The first argument to realloc() is a void *. Since you're going to have a prototype in scope (#include <stdlib.h>), the compiler will convert the int * to a void * (if there's anything to do for such a cast), and as long as the space pointed at was allocated, everything will be fine; realloc() will change the allocation size, possibly returning the same pointer or possibly returning a different pointer, or it will release the space if the new size is zero bytes.
There is a vitally important requirement to non-NULL pointers that you pass to realloc: they must themselves come from a call to malloc, calloc or realloc, otherwise the behavior is undefined.
If you allocate a chunk of memory sufficient to store an int and then realloc for a char, you will always get back the same pointer, because sizeof(char) is less than or equal to the sizeof(int):
int* intPtr = malloc(sizeof(int));
int* otherPtr = realloc(intPtr, sizeof(char));
// intPtr == otherPtr
If you try it the other way around, you will almost certainly get back the same pointer as well, because memory allocators rarely, if ever, parcel the memory to chunks smaller than sizeof(int). However, the result is implementation-dependent, so theoretically you may get back a different address.
As far as the utility of any of the above exercises goes, it is not useful: realloc has been designed with the intention to help you manage variable-sized arrays, simplifying the code for growing the size of such arrays, and potentially reducing the number of allocations and copying. I do not see a reason for realloc-ing a scalar.
The type of the first parameter of realloc is void *, as you said yourself. So the function argument that you pass is converted to a void pointer, which is an implicit and safe conversion.

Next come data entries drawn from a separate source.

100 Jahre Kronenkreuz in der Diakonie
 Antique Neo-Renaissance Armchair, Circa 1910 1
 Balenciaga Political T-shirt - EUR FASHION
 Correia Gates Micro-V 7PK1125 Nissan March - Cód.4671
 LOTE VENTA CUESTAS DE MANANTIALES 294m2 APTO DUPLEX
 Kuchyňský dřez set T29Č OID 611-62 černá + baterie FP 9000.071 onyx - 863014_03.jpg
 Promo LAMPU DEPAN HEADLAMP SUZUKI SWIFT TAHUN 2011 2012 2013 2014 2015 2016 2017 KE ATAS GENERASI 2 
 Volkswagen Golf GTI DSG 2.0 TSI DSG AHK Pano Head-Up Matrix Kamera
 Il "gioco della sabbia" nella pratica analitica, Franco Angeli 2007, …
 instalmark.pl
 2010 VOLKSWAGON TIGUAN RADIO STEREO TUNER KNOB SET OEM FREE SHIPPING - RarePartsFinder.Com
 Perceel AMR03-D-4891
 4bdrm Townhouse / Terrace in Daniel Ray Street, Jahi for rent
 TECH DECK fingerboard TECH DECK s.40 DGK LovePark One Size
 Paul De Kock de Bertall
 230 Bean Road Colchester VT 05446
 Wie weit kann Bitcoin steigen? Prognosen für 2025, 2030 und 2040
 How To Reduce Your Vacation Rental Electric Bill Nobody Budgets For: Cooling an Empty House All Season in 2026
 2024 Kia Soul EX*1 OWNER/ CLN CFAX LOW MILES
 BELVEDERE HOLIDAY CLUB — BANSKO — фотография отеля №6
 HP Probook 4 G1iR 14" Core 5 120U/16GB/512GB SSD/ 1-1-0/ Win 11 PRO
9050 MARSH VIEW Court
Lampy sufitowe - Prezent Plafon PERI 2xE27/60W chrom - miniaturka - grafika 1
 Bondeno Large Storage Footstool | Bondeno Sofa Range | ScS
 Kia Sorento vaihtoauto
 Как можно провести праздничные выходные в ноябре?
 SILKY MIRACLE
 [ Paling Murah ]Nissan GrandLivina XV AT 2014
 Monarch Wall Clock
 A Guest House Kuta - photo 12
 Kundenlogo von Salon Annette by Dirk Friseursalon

It's the same as if you called a function with a long int parameter with an int argument, essentially.
Realloc takes the size in bytes. If you do
int* a= malloc(sizeof(int));
and then
a=realloc(a,1);
of course a will now not be big enough for an int type and writing an int in it will give you odd behavior.
As stated by dasblinkenlight, realloc doesn't make sense for a scalar.
In your example:
int * a = malloc(sizeof(int));
int * b = realloc(a,sizeof(char));
Would result in a == b, simply because sizeof(char) < sizeof(int) and there is no reason for moving the data to a new location.
The difference is, that after the realloc you are writing your int to unallocated space, as you decreased the allocated space using realloc. Here this is only of theoretical relevance. Because of alignment it is very unlikely, that the os is reusing the freed memory. But you shouldn't rely on that. This is undefined behavior.
It could become relevant, if you resize the space of a long int to an int. This depends on your architecture.
Writing to unallocated space is like laying a time bomb and not knowing when it will explode. You should only read from / write to allocated space.